Article (Décision n° 2005-0281 du 28 juillet 2005 portant sur la définition du marché des offres de gros d'accès large bande livrées au niveau national, sur la désignation d'un opérateur exerçant une influence significative sur ce marché et sur les obligations qui lui sont imposées)


VI. - OBLIGATIONS IMPOSÉES À FRANCE TÉLÉCOM


Confrontés à la perspective de pertes durables de parts de marché globales sur les marchés du haut débit, les opérateurs historiques peuvent économiquement être incités à adopter des comportements anticoncurrentiels.
De fait, en France, les autorités de concurrence nationale et communautaire ont été amenées à intervenir à plusieurs reprises, entre 1999 et 2005, à la suite de saisines par des opérateurs alternatifs ou de leur propre initiative.
Sur le marché de détail du haut débit résidentiel, le Conseil de la concurrence a ainsi prononcé à plusieurs reprises des mesures conservatoires enjoignant à France Télécom de suspendre des offres tarifaires, notamment dans ses décisions n° 98-MC-03 en date du 19 mai 1998 et n° 99-MC-06 en date du 23 juin 1999, ou de suspendre la commercialisation de packs ADSL dans sa décision n° 02-MC-03 en date du 27 février 2002. En outre, dans sa décision 04-D-18 en date du 13 mai 2004, le conseil a considéré que France Télécom avait continué à se livrer à des pratiques anticoncurrentielles graves sur le marché de l'accès haut débit à Internet malgré l'injonction à son encontre du 18 février 2000 conduisant à la création de l'offre de gros dite d' « option 3 » et lui a infligé une sanction pécuniaire d'un montant de 20 millions d'euros. La cour d'appel a confirmé cette sanction dans un arrêt du 11 janvier 2005 et l'a doublée en la portant à 40 millions d'euros en considérant que le non-respect d'une injonction formulée en mesures conservatoires constituait en soi « une pratique d'une extrême gravité » qui en l'espèce avait permis à France Télécom de maintenir son quasi-monopole. Elle a tenu compte pour aggraver la sanction du « non-respect délibéré d'une injonction claire, précise et dépourvue d'ambiguïté » et de « la persistance » du comportement anticoncurrentiel de l'opérateur.
Par ailleurs, dans sa décision COMP/38.233, en date du 13 juillet 2003, la Commission européenne a estimé que Wanadoo Interactive s'était livré à des pratiques anticoncurrentielles en pratiquant pour ses services eXtense et Wanadoo ADSL des prix prédateurs ne lui permettant pas de couvrir ses coûts variables jusqu'en août 2001 et ses coûts complets à partir d'août 2001, sur le marché de l'accès Internet haut débit, entre mars 2001 et octobre 2002. La Commission européenne a en conséquence infligé une sanction pécuniaire de 10,35 millions d'euros à Wanadoo Interactive. En outre, elle a enjoint à Wanadoo de lui transmettre, à l'issue de chaque exercice et jusqu'à l'exercice 2006 compris, le compte d'exploitation de ses différents services ADSL, faisant apparaître les revenus comptables, les coûts d'exploitation et les coûts d'acquisition de la clientèle.

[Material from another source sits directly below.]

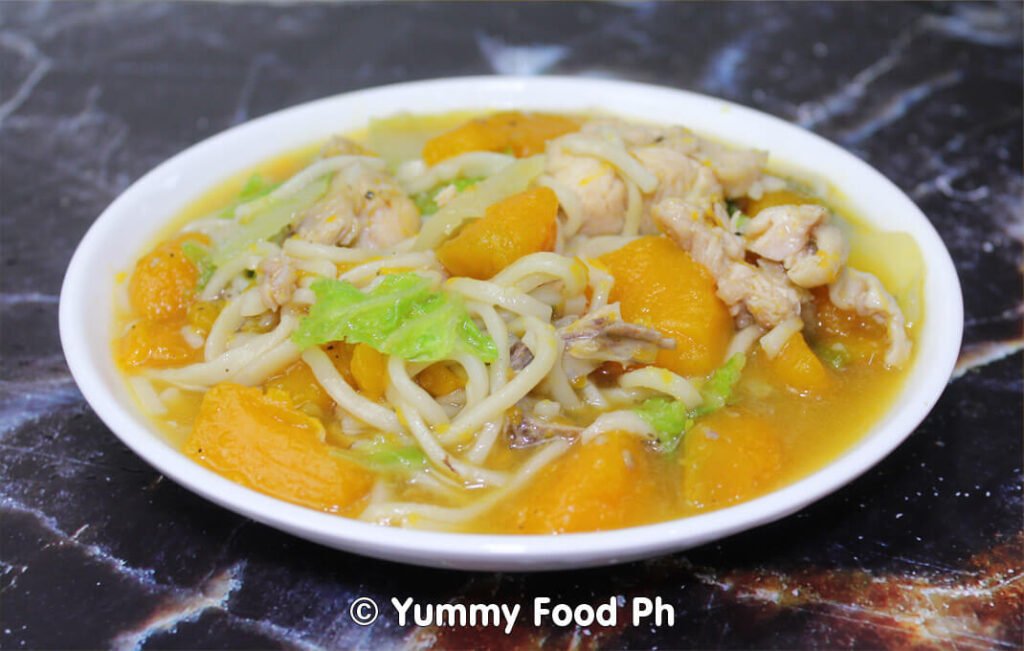 Ginisa recipe for Kalabasa with miki and karneng manok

L'Autorité constate par ailleurs que l'accès haut débit professionnel n'a pas fait l'objet d'une telle multiplication des procédures contentieuses relatives à des pratiques anticoncurrentielles au cours de la même période.
En outre, la réintégration de Wanadoo au sein de France Télécom amoindrit la capacité du régulateur sectoriel et des autorités de concurrence à détecter de telles pratiques, les flux financiers intra groupe et les conditions techniques de production des prestations internes étant moins transparentes.

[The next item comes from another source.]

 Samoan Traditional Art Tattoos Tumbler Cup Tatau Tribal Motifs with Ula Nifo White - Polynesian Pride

Dans ces conditions, les obligations imposées à France Télécom sur le marché des offres large bande livrées au niveau national, défini comme pertinent par la présente décision, visent à prévenir la mise en oeuvre de pratiques anticoncurrentielles par l'opérateur historique. Ces obligations visent également à doter l'Autorité et les autorités de concurrence des moyens leur permettant, le cas échéant, de détecter et de faire cesser de telles pratiques.
VI-A. - Principes généraux relatifs à la détermination des obligations imposées à l'opérateur exerçant une influence significative sur un marché
Conformément à l'article 16 de la directive cadre, lorsqu'une autorité réglementaire nationale a identifié un opérateur exerçant une influence significative sur un marché pertinent, celle-ci est tenue de lui imposer des mesures réglementaires spécifiques visées aux articles 9 à 13 de la directive « accès ».
L'article L. 38-I du code des postes et des communications électroniques prévoit que « les opérateurs réputés exercer une influence significative sur un marché du secteur des communications électroniques peuvent se voir imposer, en matière d'interconnexion et d'accès, une ou plusieurs des obligations [...], proportionnées à la réalisation des objectifs mentionnés à l'article L. 32-1 ».
Il s'agit des obligations suivantes :
- rendre publiques des informations concernant l'interconnexion ou l'accès, notamment publier une offre technique et tarifaire détaillée d'interconnexion ou d'accès lorsqu'ils sont soumis à des obligations de non-discrimination ;
- fournir des prestations d'interconnexion ou d'accès dans des conditions non discriminatoires ;
- faire droit aux demandes raisonnables d'accès à des éléments de réseau ou à des moyens qui y sont associés ;
- ne pas pratiquer de tarifs excessifs ou d'éviction sur le marché en cause et pratiquer des tarifs reflétant les coûts correspondants ;
- isoler sur le plan comptable certaines activités en matière d'interconnexion ou d'accès.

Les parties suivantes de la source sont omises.